=== Caption-style text data ===
===
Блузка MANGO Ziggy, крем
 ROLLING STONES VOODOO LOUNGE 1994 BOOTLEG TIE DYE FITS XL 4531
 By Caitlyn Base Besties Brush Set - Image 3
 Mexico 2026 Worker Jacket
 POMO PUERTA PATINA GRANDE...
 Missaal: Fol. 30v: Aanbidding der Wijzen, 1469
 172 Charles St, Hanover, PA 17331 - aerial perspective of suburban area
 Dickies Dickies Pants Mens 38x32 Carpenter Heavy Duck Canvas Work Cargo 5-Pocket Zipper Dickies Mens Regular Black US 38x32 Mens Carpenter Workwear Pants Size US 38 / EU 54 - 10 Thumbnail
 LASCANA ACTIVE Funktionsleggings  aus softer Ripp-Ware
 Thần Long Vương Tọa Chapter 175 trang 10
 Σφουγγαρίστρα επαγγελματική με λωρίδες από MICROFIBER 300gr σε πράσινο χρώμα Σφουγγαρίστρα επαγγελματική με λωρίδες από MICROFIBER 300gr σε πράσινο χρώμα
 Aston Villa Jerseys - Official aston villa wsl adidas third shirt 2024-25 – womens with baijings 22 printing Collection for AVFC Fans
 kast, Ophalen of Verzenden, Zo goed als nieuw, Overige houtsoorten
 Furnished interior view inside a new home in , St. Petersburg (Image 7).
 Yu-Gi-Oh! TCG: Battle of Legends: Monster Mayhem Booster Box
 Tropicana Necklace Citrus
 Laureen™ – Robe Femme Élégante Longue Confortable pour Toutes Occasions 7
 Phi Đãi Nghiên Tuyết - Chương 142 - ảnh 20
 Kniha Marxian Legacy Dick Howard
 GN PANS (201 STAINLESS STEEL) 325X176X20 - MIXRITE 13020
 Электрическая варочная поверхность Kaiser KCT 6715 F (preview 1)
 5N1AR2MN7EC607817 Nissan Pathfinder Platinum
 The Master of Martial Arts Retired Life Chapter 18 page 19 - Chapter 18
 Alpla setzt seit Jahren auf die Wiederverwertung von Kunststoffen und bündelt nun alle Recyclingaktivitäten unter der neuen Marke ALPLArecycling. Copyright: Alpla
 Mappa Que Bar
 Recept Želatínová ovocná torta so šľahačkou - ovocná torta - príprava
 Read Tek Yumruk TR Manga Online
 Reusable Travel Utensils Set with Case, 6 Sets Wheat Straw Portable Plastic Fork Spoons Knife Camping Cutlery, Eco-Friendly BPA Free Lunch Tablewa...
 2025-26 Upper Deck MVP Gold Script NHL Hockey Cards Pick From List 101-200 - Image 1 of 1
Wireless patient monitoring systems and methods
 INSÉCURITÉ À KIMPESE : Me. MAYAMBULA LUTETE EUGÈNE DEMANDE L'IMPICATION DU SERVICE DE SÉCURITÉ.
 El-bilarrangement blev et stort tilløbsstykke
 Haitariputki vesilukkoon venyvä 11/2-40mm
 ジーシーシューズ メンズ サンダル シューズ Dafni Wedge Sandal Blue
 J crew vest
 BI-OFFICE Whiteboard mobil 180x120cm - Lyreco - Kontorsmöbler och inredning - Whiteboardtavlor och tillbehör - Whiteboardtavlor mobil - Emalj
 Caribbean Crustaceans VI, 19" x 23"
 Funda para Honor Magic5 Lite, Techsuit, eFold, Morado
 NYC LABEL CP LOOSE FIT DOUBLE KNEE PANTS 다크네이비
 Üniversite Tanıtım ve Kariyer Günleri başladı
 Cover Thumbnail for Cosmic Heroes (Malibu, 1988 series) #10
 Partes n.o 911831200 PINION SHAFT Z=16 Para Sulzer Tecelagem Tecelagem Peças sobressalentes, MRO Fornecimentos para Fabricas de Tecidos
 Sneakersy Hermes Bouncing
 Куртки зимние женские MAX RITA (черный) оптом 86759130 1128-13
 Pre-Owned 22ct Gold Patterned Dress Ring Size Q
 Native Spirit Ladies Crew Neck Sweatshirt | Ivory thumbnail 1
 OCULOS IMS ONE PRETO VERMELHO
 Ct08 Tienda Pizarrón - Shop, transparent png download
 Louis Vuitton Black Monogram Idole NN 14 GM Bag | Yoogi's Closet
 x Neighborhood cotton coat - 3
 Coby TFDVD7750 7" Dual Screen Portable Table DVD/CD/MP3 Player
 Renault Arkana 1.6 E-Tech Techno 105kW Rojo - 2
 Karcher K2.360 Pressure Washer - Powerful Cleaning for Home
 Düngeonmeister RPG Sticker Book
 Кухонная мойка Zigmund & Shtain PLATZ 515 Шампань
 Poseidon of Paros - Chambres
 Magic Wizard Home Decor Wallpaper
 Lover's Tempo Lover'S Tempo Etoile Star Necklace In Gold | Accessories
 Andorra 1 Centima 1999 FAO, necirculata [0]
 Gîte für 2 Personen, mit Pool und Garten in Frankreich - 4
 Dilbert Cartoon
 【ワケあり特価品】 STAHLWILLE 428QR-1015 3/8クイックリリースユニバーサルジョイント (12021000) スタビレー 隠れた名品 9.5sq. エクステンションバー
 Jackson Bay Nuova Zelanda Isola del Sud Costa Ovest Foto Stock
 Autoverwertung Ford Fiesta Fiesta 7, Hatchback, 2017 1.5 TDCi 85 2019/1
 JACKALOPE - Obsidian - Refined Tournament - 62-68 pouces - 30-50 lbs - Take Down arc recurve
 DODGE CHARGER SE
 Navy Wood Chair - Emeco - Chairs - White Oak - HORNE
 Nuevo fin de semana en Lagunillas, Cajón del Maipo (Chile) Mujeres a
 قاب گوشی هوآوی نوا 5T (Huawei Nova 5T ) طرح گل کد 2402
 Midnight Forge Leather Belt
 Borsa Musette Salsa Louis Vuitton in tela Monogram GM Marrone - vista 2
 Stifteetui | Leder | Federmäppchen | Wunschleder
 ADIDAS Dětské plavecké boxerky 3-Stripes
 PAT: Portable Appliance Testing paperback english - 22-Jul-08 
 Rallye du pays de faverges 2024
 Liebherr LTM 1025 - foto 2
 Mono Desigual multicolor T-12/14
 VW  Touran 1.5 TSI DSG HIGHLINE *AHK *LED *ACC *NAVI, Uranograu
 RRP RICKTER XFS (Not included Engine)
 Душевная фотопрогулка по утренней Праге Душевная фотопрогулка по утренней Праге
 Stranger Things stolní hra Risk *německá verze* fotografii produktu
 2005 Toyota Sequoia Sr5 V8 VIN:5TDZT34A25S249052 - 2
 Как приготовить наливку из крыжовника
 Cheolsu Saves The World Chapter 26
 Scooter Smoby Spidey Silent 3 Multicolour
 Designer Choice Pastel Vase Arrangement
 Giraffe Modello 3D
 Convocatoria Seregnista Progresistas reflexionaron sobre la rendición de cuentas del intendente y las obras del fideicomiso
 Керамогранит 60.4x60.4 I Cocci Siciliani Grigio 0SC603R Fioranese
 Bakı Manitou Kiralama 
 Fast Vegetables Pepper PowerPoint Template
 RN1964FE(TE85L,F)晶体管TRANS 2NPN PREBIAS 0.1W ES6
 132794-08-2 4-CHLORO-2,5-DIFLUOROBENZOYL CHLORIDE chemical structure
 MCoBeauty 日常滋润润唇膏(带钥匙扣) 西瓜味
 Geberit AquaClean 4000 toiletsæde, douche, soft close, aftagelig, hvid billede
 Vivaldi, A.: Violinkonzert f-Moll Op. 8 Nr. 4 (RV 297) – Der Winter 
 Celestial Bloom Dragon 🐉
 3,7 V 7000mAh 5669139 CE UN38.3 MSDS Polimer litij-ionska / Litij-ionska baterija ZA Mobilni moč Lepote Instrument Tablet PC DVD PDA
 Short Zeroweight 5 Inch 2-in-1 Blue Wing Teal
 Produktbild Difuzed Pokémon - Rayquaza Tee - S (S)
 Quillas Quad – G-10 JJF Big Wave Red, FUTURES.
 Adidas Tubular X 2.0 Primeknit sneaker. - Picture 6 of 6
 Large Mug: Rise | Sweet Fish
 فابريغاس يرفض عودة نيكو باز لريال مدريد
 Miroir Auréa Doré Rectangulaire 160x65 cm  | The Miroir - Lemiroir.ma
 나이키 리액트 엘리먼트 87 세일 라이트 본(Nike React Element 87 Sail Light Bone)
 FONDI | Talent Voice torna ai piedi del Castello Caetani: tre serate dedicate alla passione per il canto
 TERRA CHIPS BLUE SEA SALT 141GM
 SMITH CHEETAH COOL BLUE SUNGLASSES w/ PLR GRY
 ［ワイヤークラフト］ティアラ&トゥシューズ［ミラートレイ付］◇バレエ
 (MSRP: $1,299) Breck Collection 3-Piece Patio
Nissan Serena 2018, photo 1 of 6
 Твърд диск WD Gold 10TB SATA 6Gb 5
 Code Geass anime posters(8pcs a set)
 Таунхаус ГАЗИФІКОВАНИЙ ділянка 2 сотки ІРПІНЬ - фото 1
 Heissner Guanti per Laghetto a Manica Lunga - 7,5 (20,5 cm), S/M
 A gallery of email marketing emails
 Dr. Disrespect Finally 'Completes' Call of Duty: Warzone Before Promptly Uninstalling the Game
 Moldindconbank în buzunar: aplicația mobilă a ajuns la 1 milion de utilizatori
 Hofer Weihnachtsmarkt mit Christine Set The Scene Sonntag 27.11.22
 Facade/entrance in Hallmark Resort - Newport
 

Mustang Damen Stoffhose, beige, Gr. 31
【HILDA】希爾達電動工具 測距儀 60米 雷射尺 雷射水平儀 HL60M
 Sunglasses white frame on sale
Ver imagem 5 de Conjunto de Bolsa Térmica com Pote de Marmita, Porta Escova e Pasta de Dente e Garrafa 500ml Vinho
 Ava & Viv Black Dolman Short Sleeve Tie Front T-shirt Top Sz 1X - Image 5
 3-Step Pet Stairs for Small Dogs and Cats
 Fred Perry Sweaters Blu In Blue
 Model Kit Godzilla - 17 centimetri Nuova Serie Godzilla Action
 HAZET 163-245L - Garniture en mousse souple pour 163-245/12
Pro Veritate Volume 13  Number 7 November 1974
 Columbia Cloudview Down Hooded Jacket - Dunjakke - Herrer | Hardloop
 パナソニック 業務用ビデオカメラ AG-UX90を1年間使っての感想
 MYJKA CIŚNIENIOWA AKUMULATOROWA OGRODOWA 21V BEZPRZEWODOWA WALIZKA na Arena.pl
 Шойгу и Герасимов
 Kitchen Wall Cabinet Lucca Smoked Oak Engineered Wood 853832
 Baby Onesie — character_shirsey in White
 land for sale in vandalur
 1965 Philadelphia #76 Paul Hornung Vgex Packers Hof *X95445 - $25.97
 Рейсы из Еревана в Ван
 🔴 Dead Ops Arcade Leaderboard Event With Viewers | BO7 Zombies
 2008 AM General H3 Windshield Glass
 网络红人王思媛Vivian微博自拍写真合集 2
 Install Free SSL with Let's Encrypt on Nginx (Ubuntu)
===
Start with the first line of the data and print every line exactly. The line containing "πράσινο χρώμα Σφουγγαρίστρα" is the last one to include.

Блузка MANGO Ziggy, крем
 ROLLING STONES VOODOO LOUNGE 1994 BOOTLEG TIE DYE FITS XL 4531
 By Caitlyn Base Besties Brush Set - Image 3
 Mexico 2026 Worker Jacket
 POMO PUERTA PATINA GRANDE...
 Missaal: Fol. 30v: Aanbidding der Wijzen, 1469
 172 Charles St, Hanover, PA 17331 - aerial perspective of suburban area
 Dickies Dickies Pants Mens 38x32 Carpenter Heavy Duck Canvas Work Cargo 5-Pocket Zipper Dickies Mens Regular Black US 38x32 Mens Carpenter Workwear Pants Size US 38 / EU 54 - 10 Thumbnail
 LASCANA ACTIVE Funktionsleggings  aus softer Ripp-Ware
 Thần Long Vương Tọa Chapter 175 trang 10
 Σφουγγαρίστρα επαγγελματική με λωρίδες από MICROFIBER 300gr σε πράσινο χρώμα Σφουγγαρίστρα επαγγελματική με λωρίδες από MICROFIBER 300gr σε πράσινο χρώμα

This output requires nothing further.